Inside the Avior 7000
The majority of the components are slightly out of focus, but that is done on purpose. If you do plan to tear apart the Avior, be very careful of the short ribbon cable connecting the top and bottom PCBs together for communication purposes.
Removing the PCB from the top half of the mouse, we find four TTC red switches for the side buttons. They require a bit of pressure to use, and are audible when clicked. In the center is a pair of Pi switches, which are softer, but still audible, and are used for the DPI selection.
Back to the lower section of the mouse, we see that under the left click button there is an Omron D2FC-F-7N, followed by the (20M) that denotes the twenty million click lifespan that this switch offers.
The 32-bit ARM STM32F103 MCU that we see here takes care of the USB 2.0 communications, offers the 128kb of onboard memory, and operates at 32MHz.
Flipping the mouse one hundred and eighty degrees, we can now see the Avago ADNS3310 optical sensor used in the Avior 7000. This sensor has the model number of PMW3310DH-AW0T, for those who want to look for the white papers.

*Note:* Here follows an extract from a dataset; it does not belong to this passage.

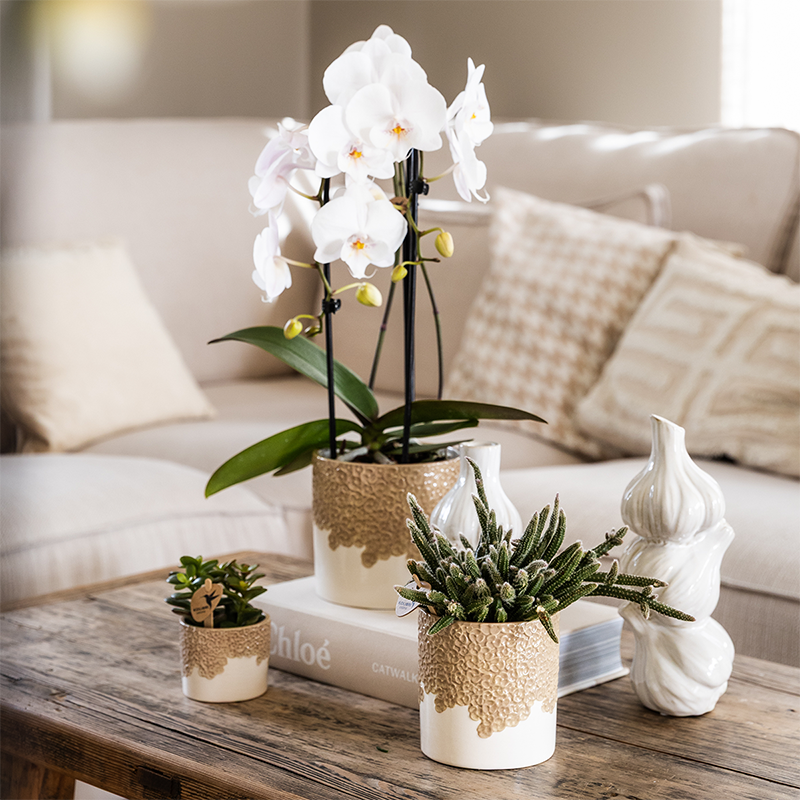 Lot de 3 cache-pots céramique en relief floral - sable (6, 9 et 12 cm)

That leaves us with the second twenty million click lifespan Omron switch, used under the right click button.
After reassembling the Avior 7000, we went ahead and connected it to a PC. When the mouse first powers on, you are greeted with this light blue color. As with all the other Mionix mice, you do still have plenty of options for colors, with the ability to use the RGB scale for a total of 16.8 million choices.